A typical week in the program includes lectures and clinical experiences and a very rigorous schedule. “The second semester was even more challenging,” Olga said, “When I wasn’t in class or working in one of the clinicals, the rest of my time was devoted to studying.”
“But,” Olga said, “Even though it was very hard, I have to say my professors, the nurses, and the staff gave great support, and I’m grateful for it. I have very good memories about the program,” she said. “And today I am satisfied making a difference in people’s lives. I got a nursing job right after graduation, and am currently working as a hemodialysis nurse in an outpatient dialysis center in Los Angeles.”
This two-generation success story is also a story of an American Dream: Elena said, “My father always wanted to live in the US, and my parents worked hard so that we could be here in California. I’m very grateful to them. It’s exciting now that my mother and I both have our Bachelor of Science in Nursing. And I like working with people,” Elena said. “I believe that nursing is a very rewarding career. I was always interested in learning about health related topics. Other subjects seemed forced, but studying health and nursing topics came naturally."

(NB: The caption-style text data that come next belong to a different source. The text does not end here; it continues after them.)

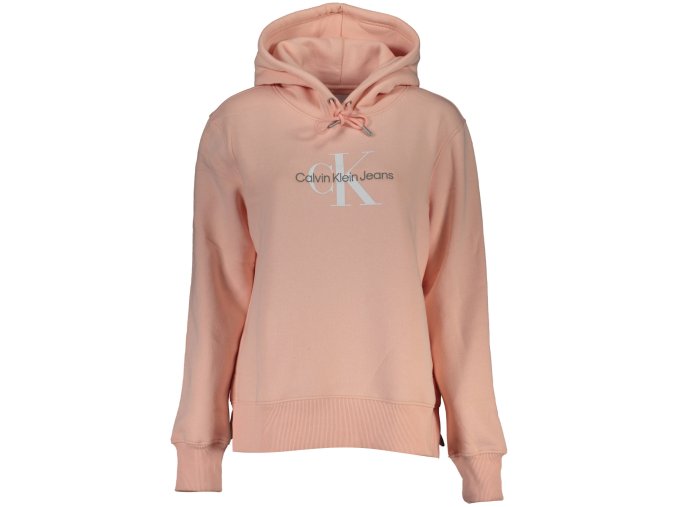 Športová Dámska Mikina bez zipsu   CALVIN KLEIN  Ružová (Velkost L, Farba Ružová)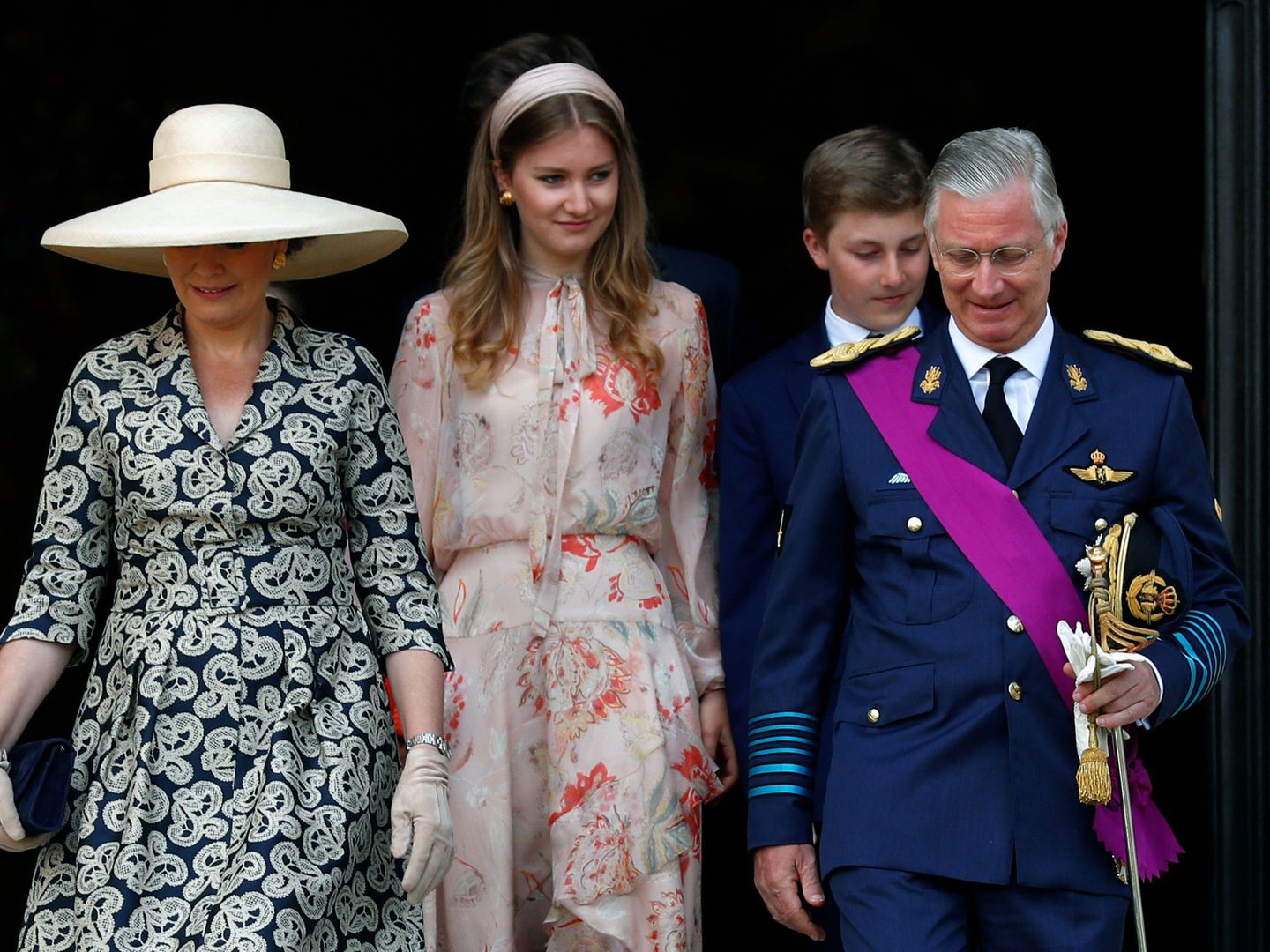 Los reyes de Bélgica y su hija. (Reuters)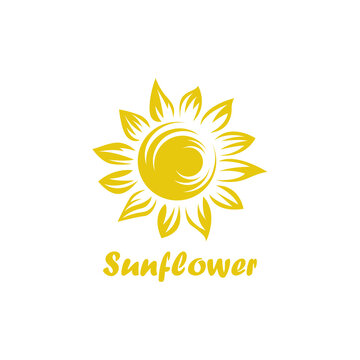 Sunflower logo. To create your design sunflower logo.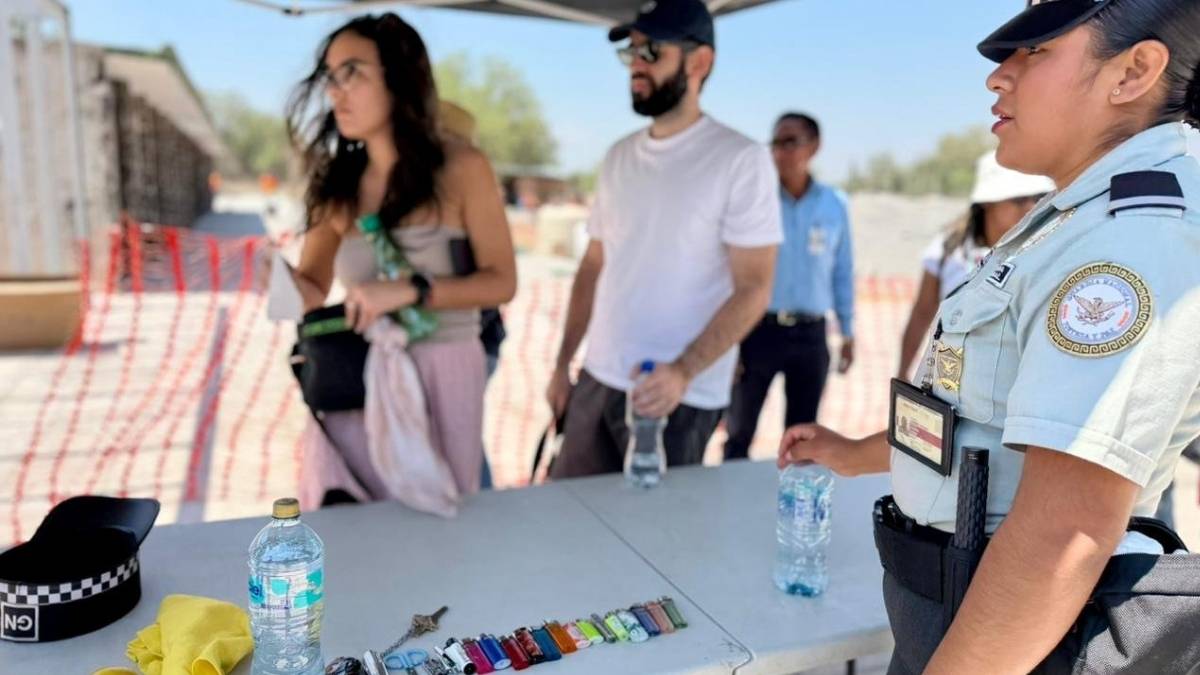 Refuerzan seguridad en Teotihuacan con arcos detectores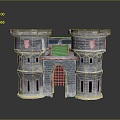 Puerto Rico Gate Ancient Gate San Juan Gatehouse Stone Gatehouse in Puerto Rico 3d model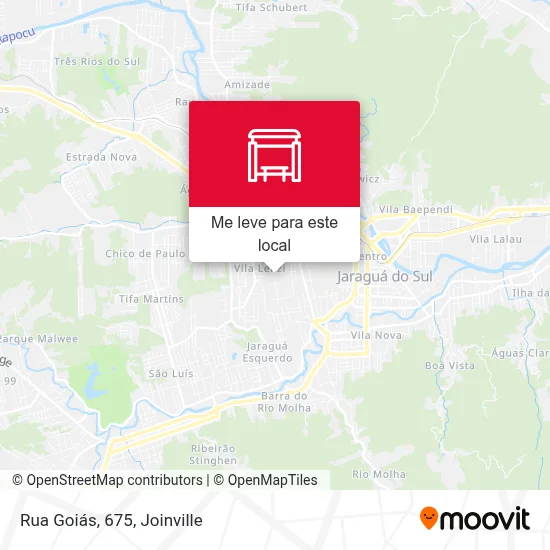 Rua Goiás, 675 mapa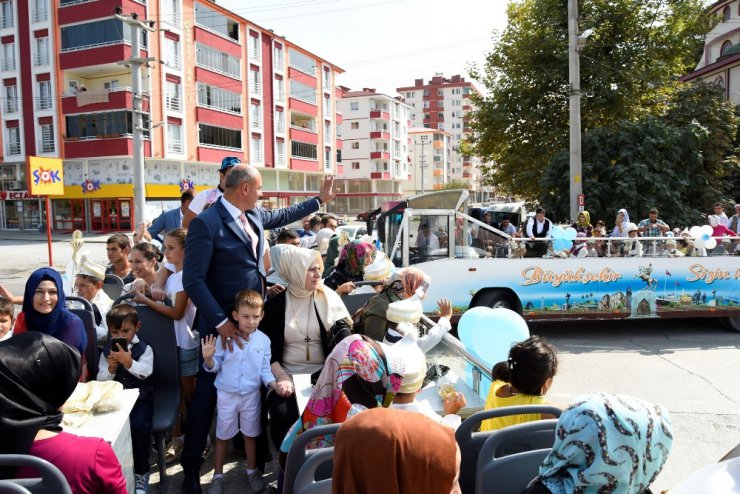 Tekkeköy’de coşkulu sünnet şöleni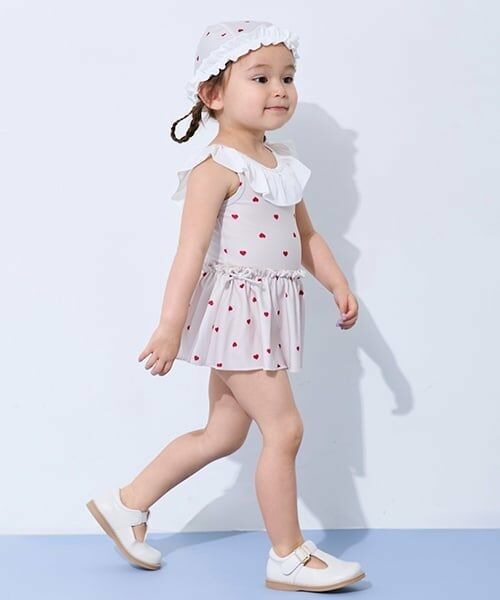 petit main / プティマイン 水着・スイムグッズ | 【SWIM】フリルワンピース水着 | 詳細1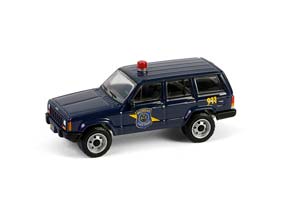 JEEP CHEROKEE 4Х4 "MICHIGAN STATE POLICE" 2001 (ДЛИНА МОДЕЛИ 6-10 СМ)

Mother and daughter both say they like the flexibility of being able to work in a variety of medical specialties and with diverse populations, and while Olga finds work in dialysis rewarding, Elena is still exploring which specialty areas she wants to settle into.
The variety of clinical experiences was also helpful in establishing confidence. Students perform clinical rotations facilities such as Kaiser Panorama, Northridge Hospital, Valley Presbyterian, and Veterans’ Administration in West LA. Elena added, “I did my Public Health Clinical for LA County in Lancaster. I got hands-on experience in Emergency, Medical Surgical, Telemetry, Acute Care, Orthopedic, Pediatrics, Maternity, ICU, Psychiatry, and had observation days in the OR, GI lab and Catheter Lab.”
Elena is currently awaiting the results of her licensing exams, but as graduates from the program have a nearly 100% pass rate, she said she is already thinking about what areas of medicine she will pursue. “There are so many areas that sound interesting," she said, "So I will remain open to the opportunities and see where they take me.”